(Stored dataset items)
****************************************
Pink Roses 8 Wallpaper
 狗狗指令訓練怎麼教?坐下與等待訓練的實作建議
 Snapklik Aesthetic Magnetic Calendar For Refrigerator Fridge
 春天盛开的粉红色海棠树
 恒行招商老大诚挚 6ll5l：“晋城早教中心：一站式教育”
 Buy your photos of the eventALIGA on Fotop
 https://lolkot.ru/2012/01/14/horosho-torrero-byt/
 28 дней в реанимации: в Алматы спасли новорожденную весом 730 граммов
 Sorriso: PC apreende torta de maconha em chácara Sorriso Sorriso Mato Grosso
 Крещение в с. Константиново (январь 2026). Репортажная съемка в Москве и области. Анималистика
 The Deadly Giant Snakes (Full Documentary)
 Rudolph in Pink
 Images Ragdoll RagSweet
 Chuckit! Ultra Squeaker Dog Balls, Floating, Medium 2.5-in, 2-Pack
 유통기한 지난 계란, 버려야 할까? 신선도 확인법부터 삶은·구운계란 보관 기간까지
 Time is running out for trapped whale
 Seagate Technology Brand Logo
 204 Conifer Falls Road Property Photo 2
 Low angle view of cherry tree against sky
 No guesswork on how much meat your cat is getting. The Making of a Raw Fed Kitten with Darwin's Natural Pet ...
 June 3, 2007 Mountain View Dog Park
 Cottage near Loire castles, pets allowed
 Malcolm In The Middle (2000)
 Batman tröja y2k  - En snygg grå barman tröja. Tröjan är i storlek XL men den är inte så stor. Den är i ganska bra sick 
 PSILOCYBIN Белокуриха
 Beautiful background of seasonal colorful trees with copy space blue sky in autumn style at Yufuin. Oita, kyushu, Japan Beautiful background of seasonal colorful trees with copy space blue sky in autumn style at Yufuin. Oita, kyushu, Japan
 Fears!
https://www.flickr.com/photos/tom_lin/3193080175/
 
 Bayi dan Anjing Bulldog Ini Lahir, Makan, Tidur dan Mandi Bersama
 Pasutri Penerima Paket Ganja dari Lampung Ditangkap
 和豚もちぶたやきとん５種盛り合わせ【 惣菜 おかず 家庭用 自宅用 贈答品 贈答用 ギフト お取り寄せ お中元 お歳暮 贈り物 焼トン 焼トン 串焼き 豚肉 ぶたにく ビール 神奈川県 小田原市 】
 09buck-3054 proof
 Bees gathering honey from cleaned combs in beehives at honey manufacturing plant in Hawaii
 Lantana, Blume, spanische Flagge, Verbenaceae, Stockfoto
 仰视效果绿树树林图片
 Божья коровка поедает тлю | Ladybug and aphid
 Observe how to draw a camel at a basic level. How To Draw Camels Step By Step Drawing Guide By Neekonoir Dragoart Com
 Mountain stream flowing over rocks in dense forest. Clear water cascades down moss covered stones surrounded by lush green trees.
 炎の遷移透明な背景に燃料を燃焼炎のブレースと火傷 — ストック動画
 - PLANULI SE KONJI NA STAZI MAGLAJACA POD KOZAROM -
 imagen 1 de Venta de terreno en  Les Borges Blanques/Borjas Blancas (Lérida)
****************************************
## Task brief
Using the records above, set down exactly the lines from the one with "kyushu, Japan Beautiful" through the one with "Pasutri Penerima Paket", inclusive, and nothing more.

## The completed task
 Beautiful background of seasonal colorful trees with copy space blue sky in autumn style at Yufuin. Oita, kyushu, Japan Beautiful background of seasonal colorful trees with copy space blue sky in autumn style at Yufuin. Oita, kyushu, Japan
 Fears!
https://www.flickr.com/photos/tom_lin/3193080175/
 
 Bayi dan Anjing Bulldog Ini Lahir, Makan, Tidur dan Mandi Bersama
 Pasutri Penerima Paket Ganja dari Lampung Ditangkap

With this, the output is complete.